45th Session Issues
Terrorism, according to the 1937 convention on terrorism was described as: "criminal acts directed against a state and intended or calculated to create a state of terror in the minds of particular persons, or a group of persons or the general public." The intent of terrorism is clearly political. They are premeditated acts in which groups, state or non-state, use to manipulate the political attitudes of the population. Its intent is psychological and symbolic, the acts are not meant to defeat either side but to instill fear among the population.
In 1972 at the 27th session of the UN General Assembly, the issue of "International Terrorism" was discussed under the agenda item 92, as "Measures to prevent international terrorism which endangers or takes innocent human lives or jeopardizes fundamental freedoms, and study of underlying causes of those forms of terrorism and acts of violence which lie in misery frustration, grievance and despair and which cause some people to sacrifice human lives, including their own, in an attempt to effect radical changes."
However, because of the diverse positions in the body of the General Assembly and because of the "loose wording" of item 92, neither the 27th or 28th Session could work out any specific measures to identify acts of terrorism. The representatives from the First World nations wanted to use the discussion of "international terrorism" in the UN to extend this concept to national liberation movements and other political struggles in the world. In contrast, many nations of the Third World, wanted to talk about the issues of the underlying causes of terrorism which lie in the misery, despair, and alienation of the people, that induces them to commit acts that can even cost them their own lives.

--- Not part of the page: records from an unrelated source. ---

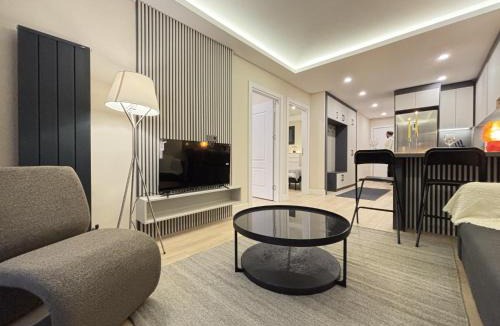 Osmanbey Apartment | Luxury Spacious 2BR Residence in Nişantaşı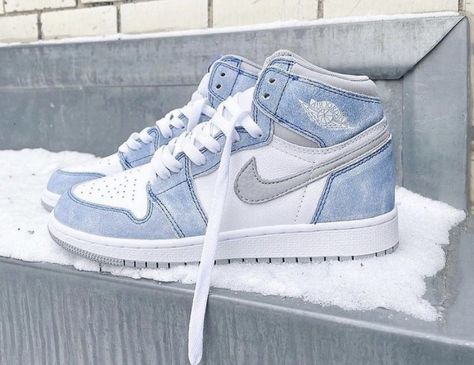 Air Jordan 1 Hyper Royal, Blue And White Jordans, Nike Shoes Photo, Air Jordan Blue, Girls Basketball Shoes, Trendy Shoes Sneakers, White Nike Shoes, Nike Fashion Shoes, Blue Jordans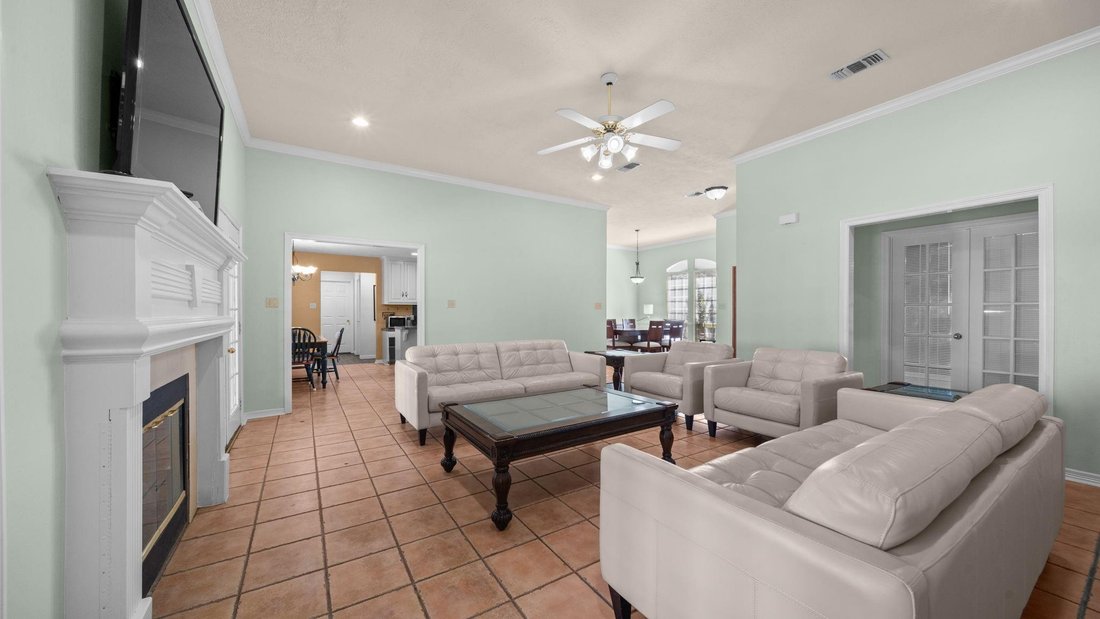 House in Brenham, Texas, United States 5 - 19097610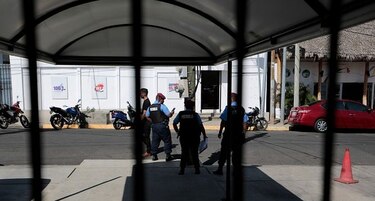 Policía de Nicaragua mantiene asedio a televisora independiente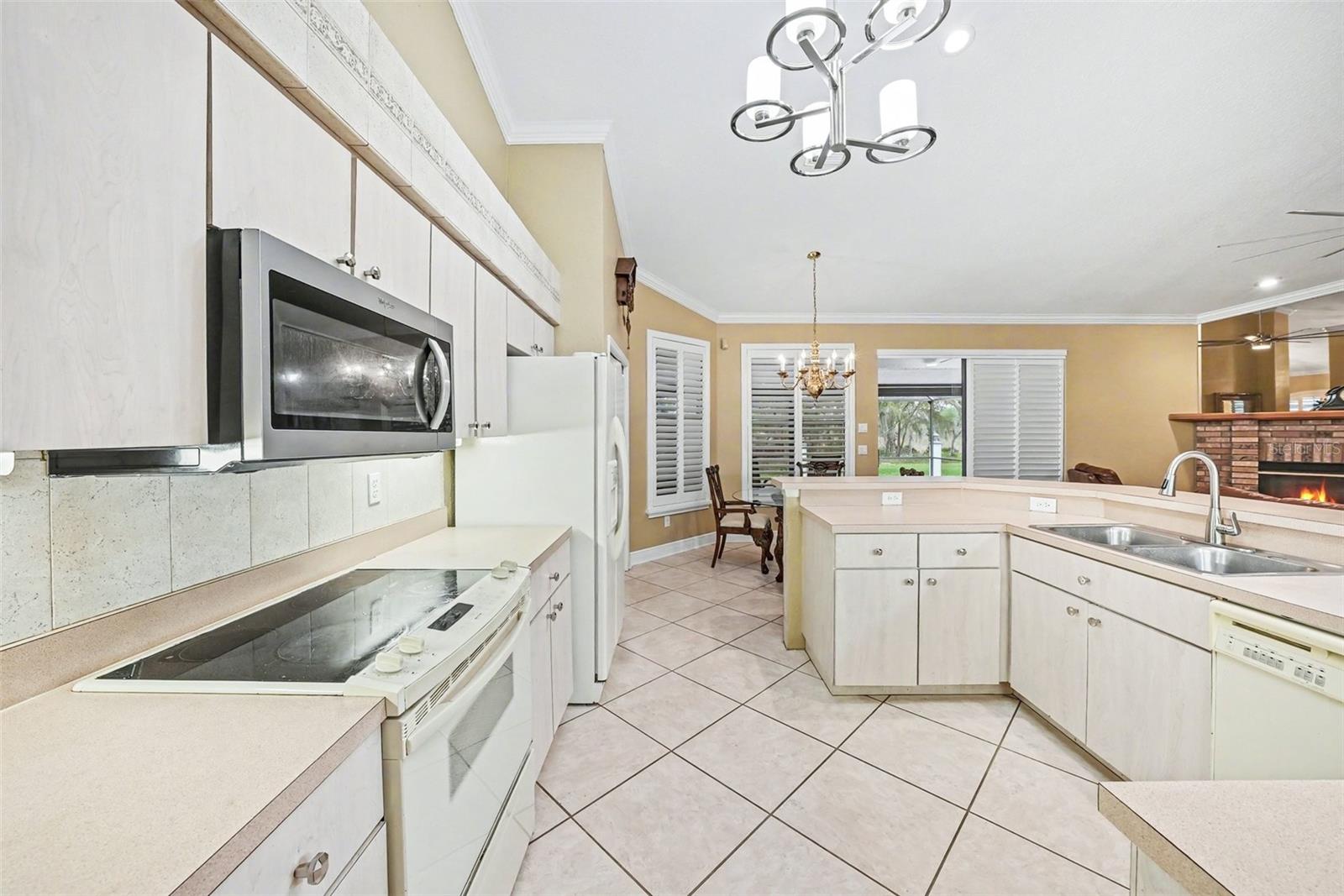 Image 12 of 32 For 19216 Ridgelake Drive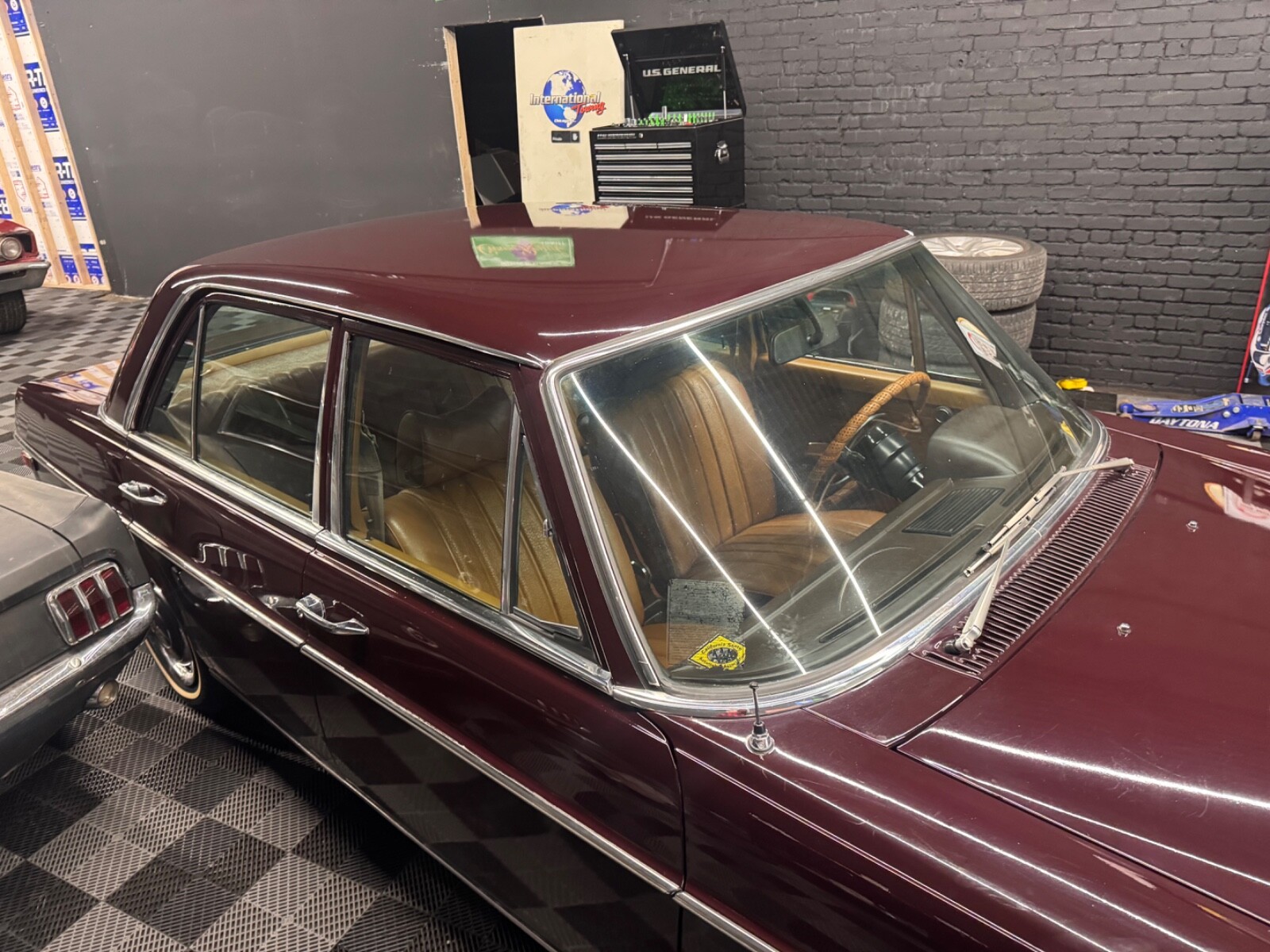 Mercedes-Benz-Other-1969-Sedan-12
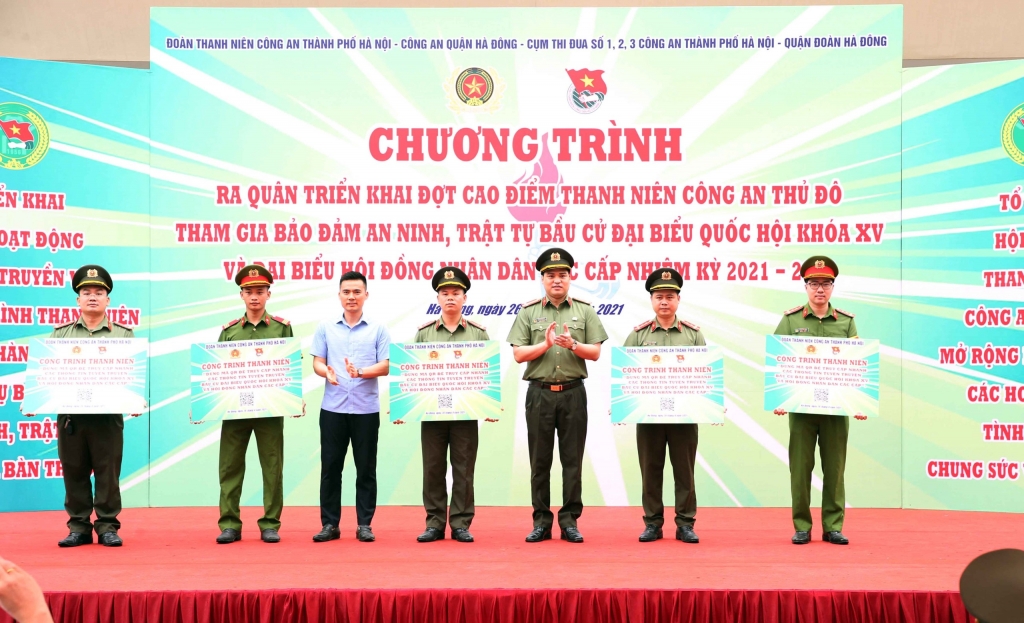 Ra mắt các mô hình, công trình thanh niên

At the end of the 1970s as concerns with hostage taking grew, an ad hoc committee appointed by the UN General Assembly drafted a convention on hostage taking. This issue was adopted by the convention without any opposition in December 1979. The problems with the taking of diplomatic hostages in Teheran, which was condemned by the international community, made the consensus possible among the governments to oppose and act against diplomatic hostage situations.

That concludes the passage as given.